• **Task requirements**:
In the listing below, the lines starting at the line with "Meuble TV 110x30x45 cm Bois d'acacia massif" and ending at the line with "235GSM Ruched Coolness Material Washed Vest" are to be output verbatim. Images stay out of the copy.

• **Extracted material**:
-=-=-=-=-
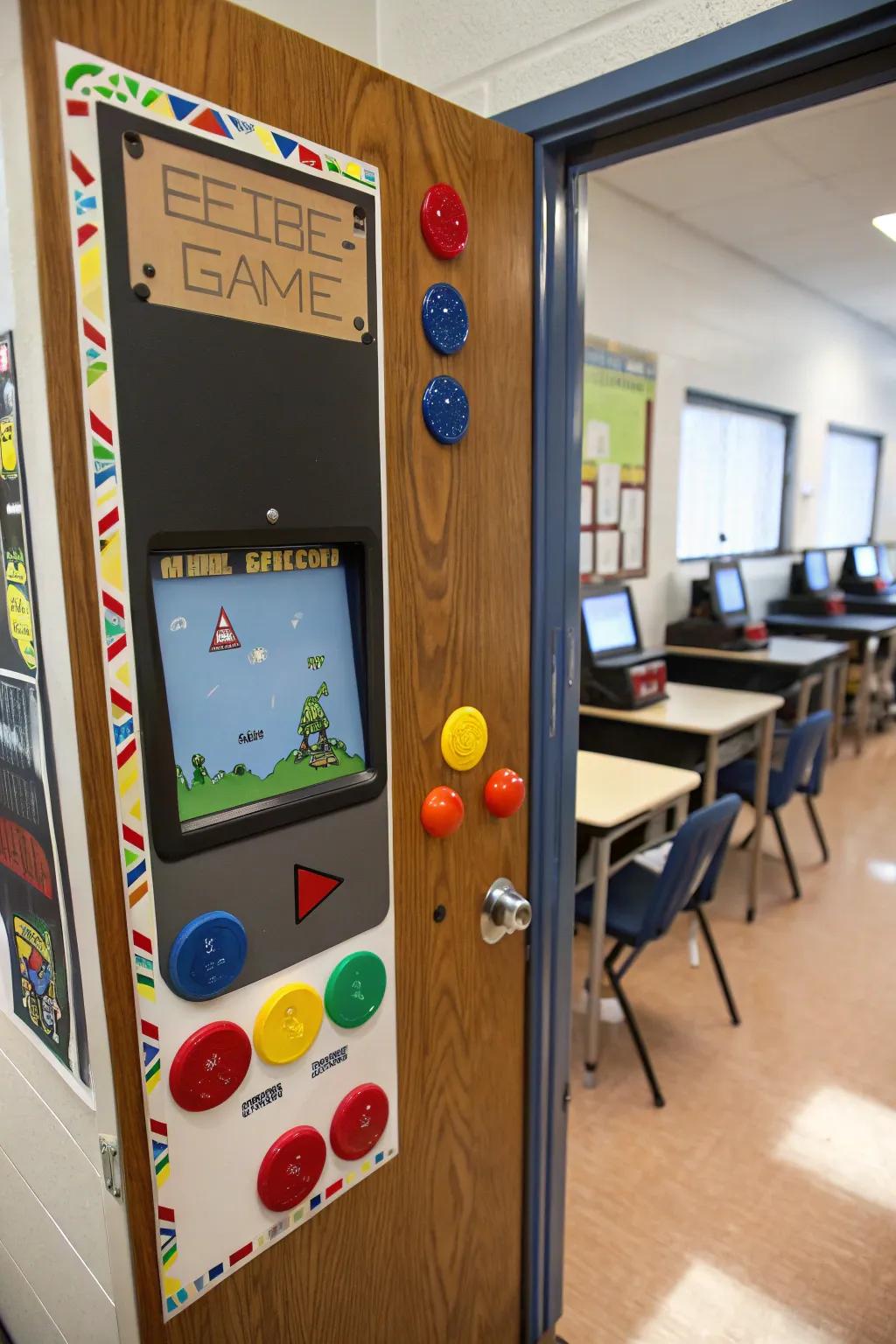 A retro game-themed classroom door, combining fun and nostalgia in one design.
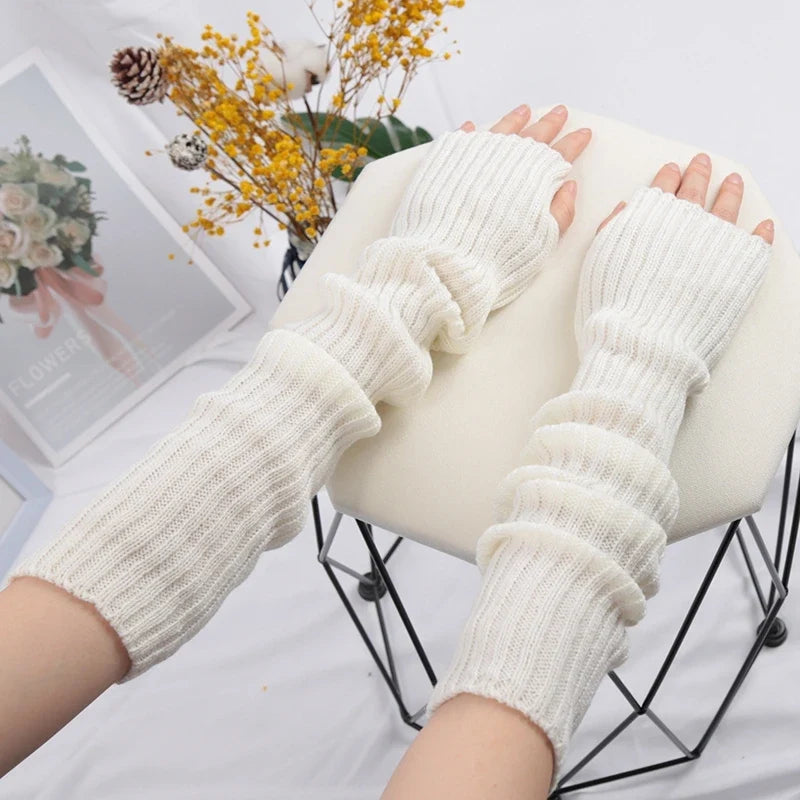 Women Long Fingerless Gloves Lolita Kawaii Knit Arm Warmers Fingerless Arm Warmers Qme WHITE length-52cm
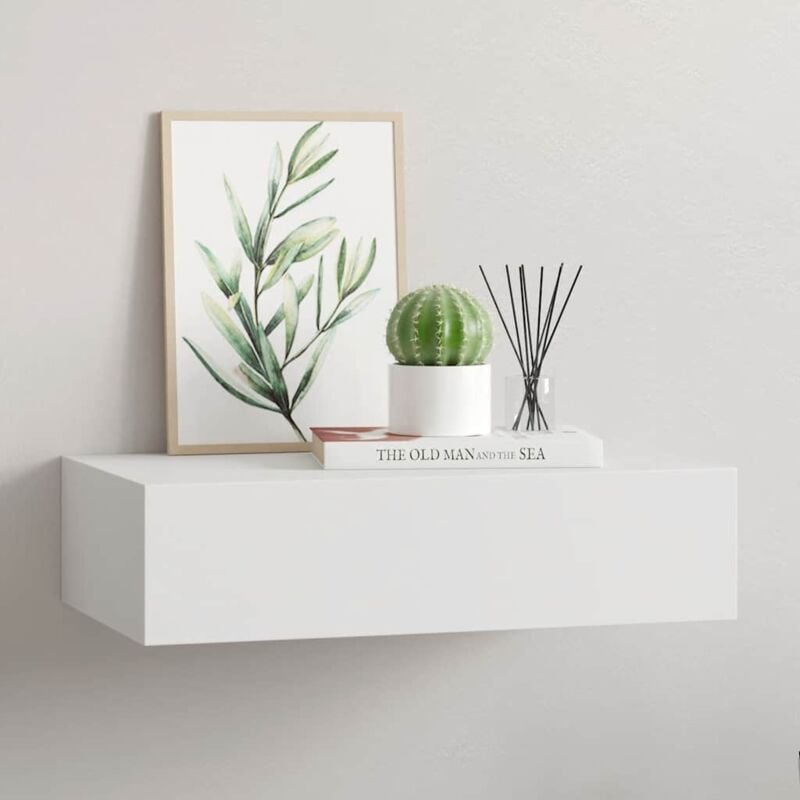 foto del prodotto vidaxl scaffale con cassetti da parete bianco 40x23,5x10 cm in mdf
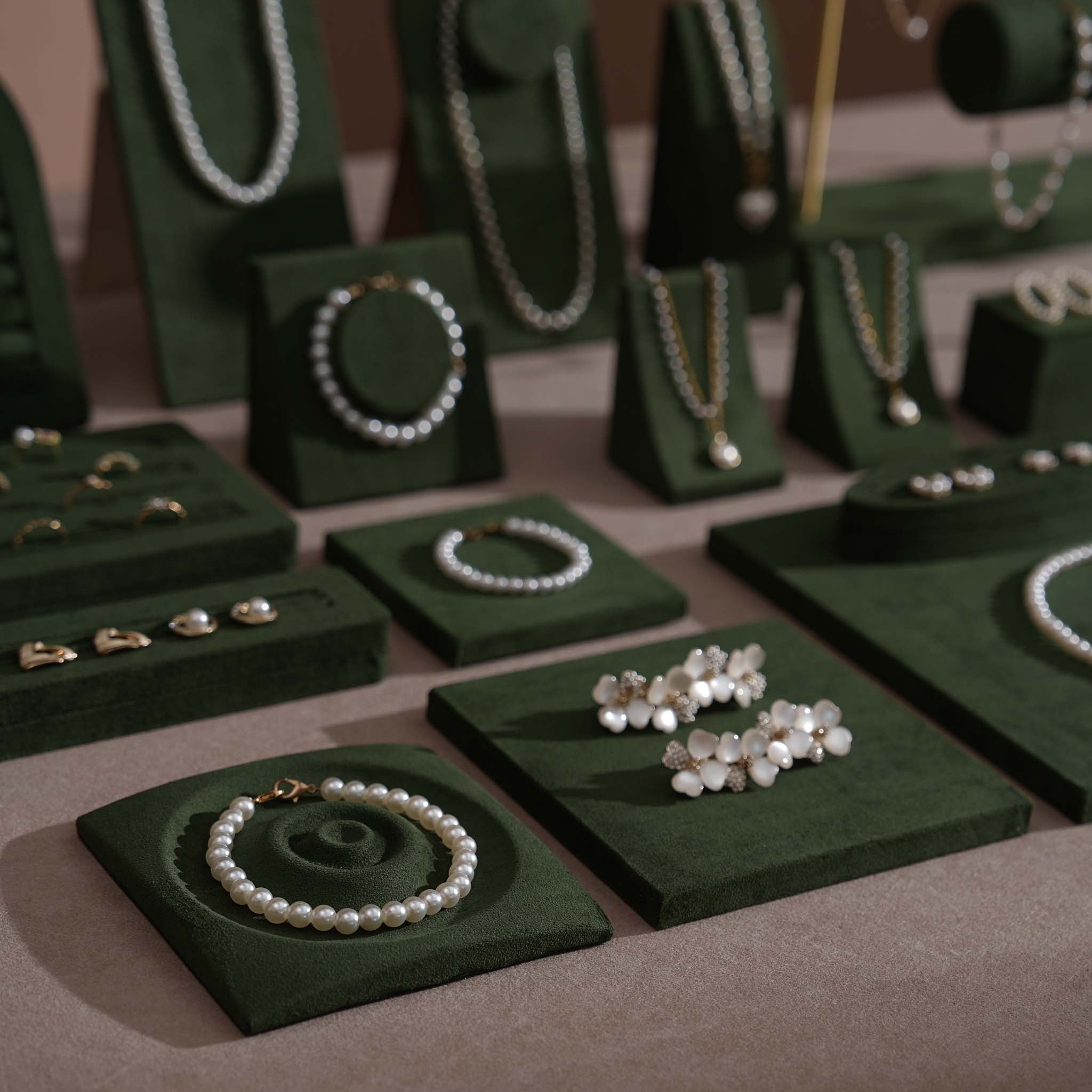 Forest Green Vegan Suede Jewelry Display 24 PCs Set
-=-=-=-=-
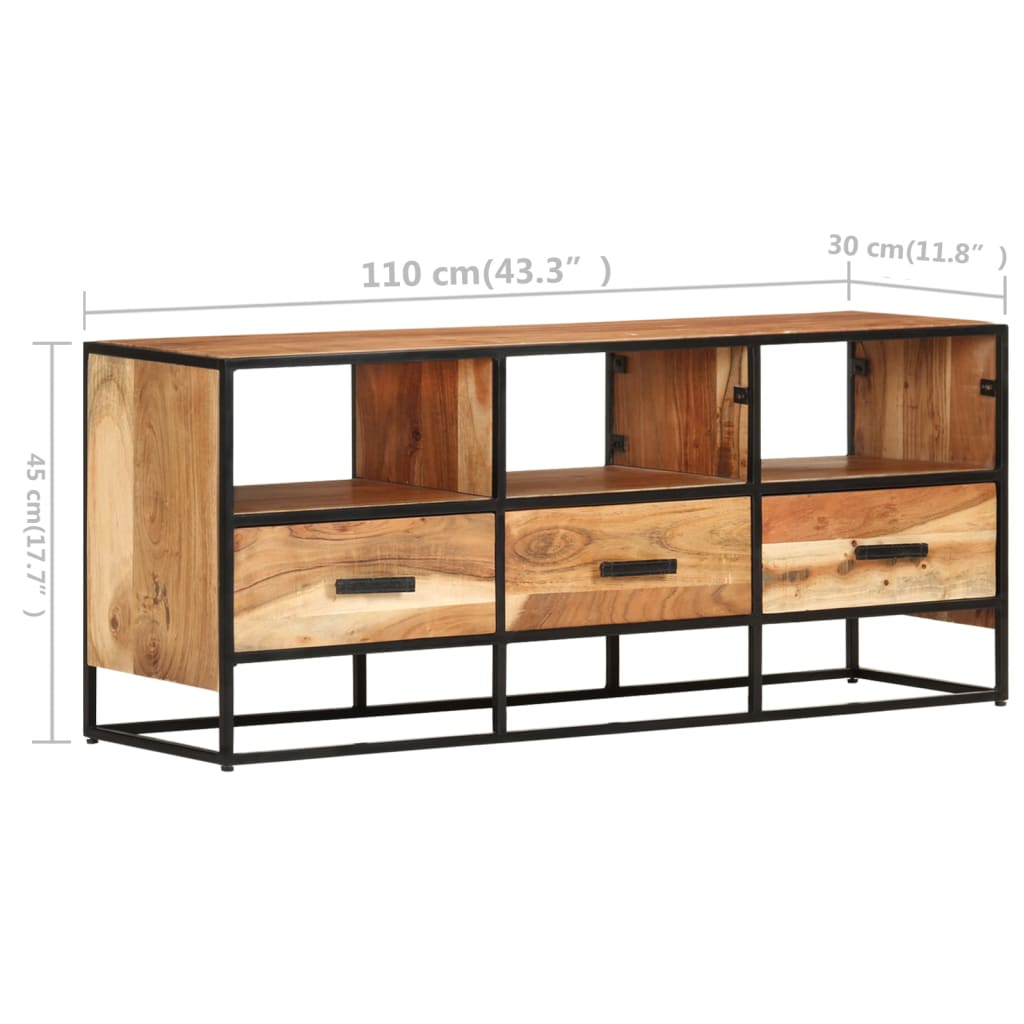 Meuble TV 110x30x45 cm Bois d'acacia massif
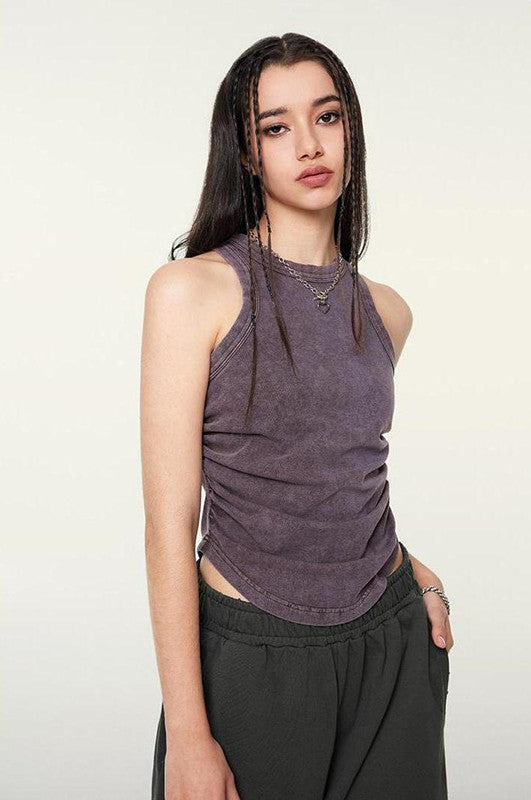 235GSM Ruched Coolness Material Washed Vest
-=-=-=-=-
• **Answer space**:
 Meuble TV 110x30x45 cm Bois d'acacia massif
 235GSM Ruched Coolness Material Washed Vest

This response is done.